Water droplets in clouds resist freezing because the shape of soil and dust particles in the air are not compatible with ice crystals and neither is dry ice (CO2), so droplets will not adhere to them until very low temperatures are reached (Breuer 1976). Therefore, since silver iodide's structure is so similar, ice crystals can readily adhere to it (Breuer 1976). If sufficient amounts of dry ice or silver iodide are injected into the cloud all the water will fall to the ground and the cloud will dissipate completely (Breuer 1976).

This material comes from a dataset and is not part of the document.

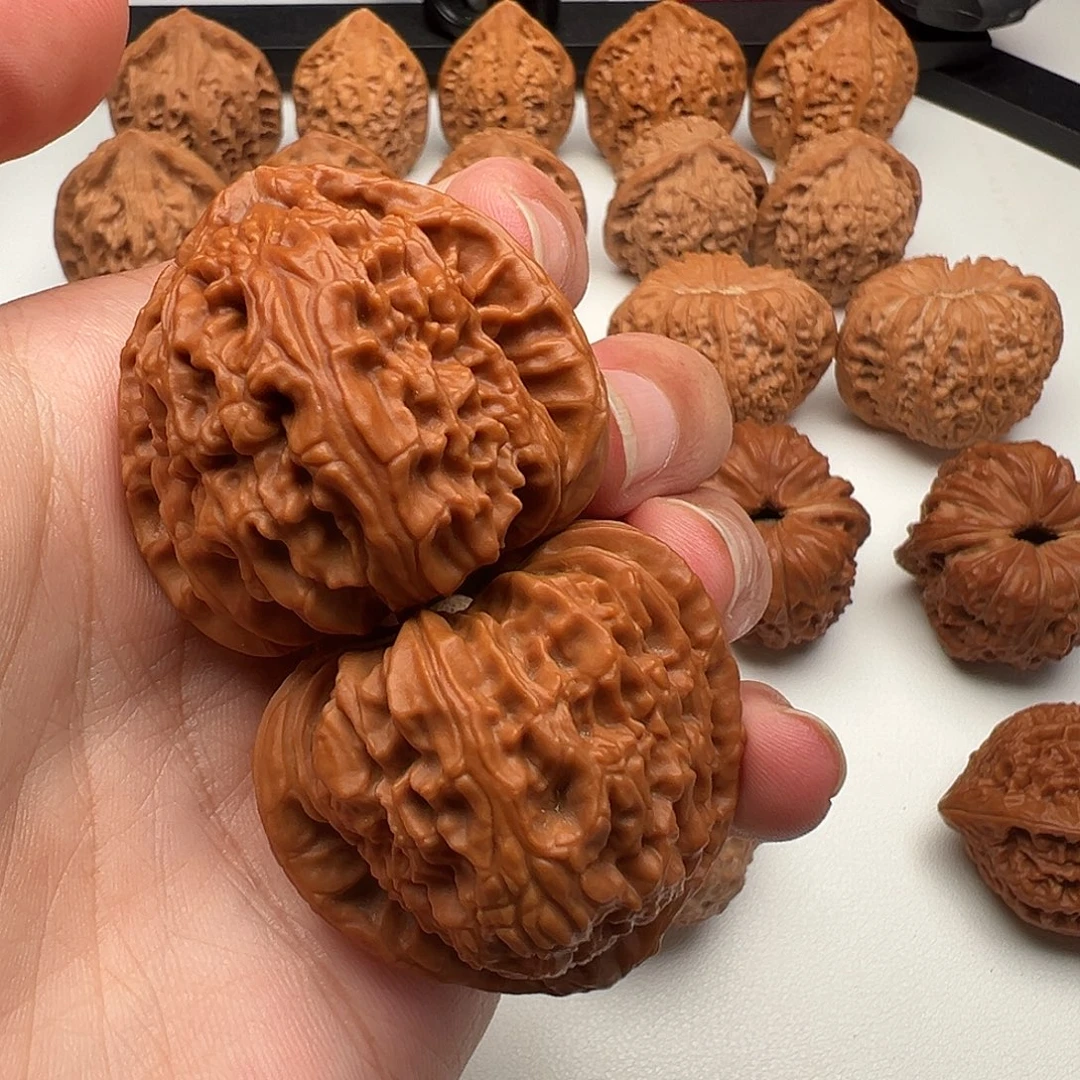低***阶把件文玩核桃三角白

There are three basic kinds of cloud seeding: hail suppression, rain enhancement and fog dispersion- and two basic methods: cloud top and cloud base seeding (Weather Modification Inc). Hail suppression deals with a concept called beneficial competition (Dick 2001). Large hail forms when there are insufficient amounts of ice nuclei to absorb the super cooled water, usually because temperatures are hovering right around freezing (Breuer 1976). If this is the case, water droplets will continue to adhere to the few nuclei available creating larger and larger hail (Dick 2001). By dispersing silver iodide (most commonly used in this procedure) more ice nuclei are available for the water to adhere to therefore creating smaller hail, or none at all (Dick 2001). .

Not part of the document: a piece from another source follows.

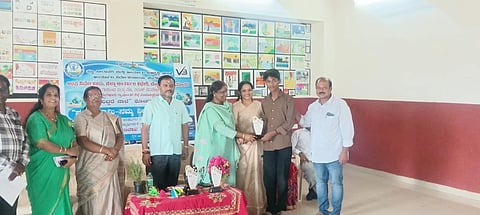 ದೊಡ್ಡಬಳ್ಳಾಪುರದ ಬಾಶೆಟ್ಟಿಹಳ್ಳಿಯ ಎಜಾಕ್ಸ್​ ಸರ್ಕಾರಿ ಪಬ್ಲಿಕ್​ ಶಾಲೆಯಲ್ಲಿ ಆಯೋಜಿಸಿದ್ದ ಚಿತ್ರಕಲಾ ಸ್ಪರ್ಧೆಯಲ್ಲಿ ವಿಜೇತ ಮಕ್ಕಳಿಗೆ ಬಹುಮಾನ ವಿತರಿಸಲಾಯಿತು. ಮುಖ್ಯಶಿಕ್ಷಕಿ ರಾಜೇಶ್ವರಿ, ಕೋ ಆರ್ಡಿನೇಟರ್​ ಲಕ್ಷಿ$್ಮಶ್ರೀಧರ್​, ತಾಲೂಕು ಸರ್ಕಾರಿ ಶಾಲಾ ಶಿಕ್ಷಕರ ಸಂಘದ ಉಪಾಧ್ಯಕ್ಷೆ ಜ್ಯೋತಿ, ಅಂತರ್ಜಲ ಇಲಾಖೆ ಸಿಬ್ಬಂದಿ ರಾಜೇಶ್​, ಶ್ಯಾಮಲಾ, ಆರ್ಯ, ಉಪನಿರ್ದೇಶಕ ಕಚೇರಿ ಸಿಬ್ಬಂದಿ ಪದ್ಮಾ, ಶಿಕ್ಷಕ ತಾಯಪ್ಪ ಇತರರು ಇದ್ದರು.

Rain enhancement follows the same procedure and only differs in the results that are sought (WMI). It is done in certain types of clouds under certain conditions, usually in warmer clouds, so as to create rain but not hail (WMI).
Fog dispersion is commonly used on airport runways and similar areas to dissipate fog (WMI). Fog is called a "warm cloud" because it lacks ice nuclei, so it is dispersed by using condensation nuclei (which are the same as ice nuclei at higher temperatures), usually kinds of salts, which have a high affinity to water, to attract droplets (Dick 2001). This same procedure is used in tropical dry climates for rain enhancement because clouds at these latitudes are usually "warm clouds" (Dick 2001).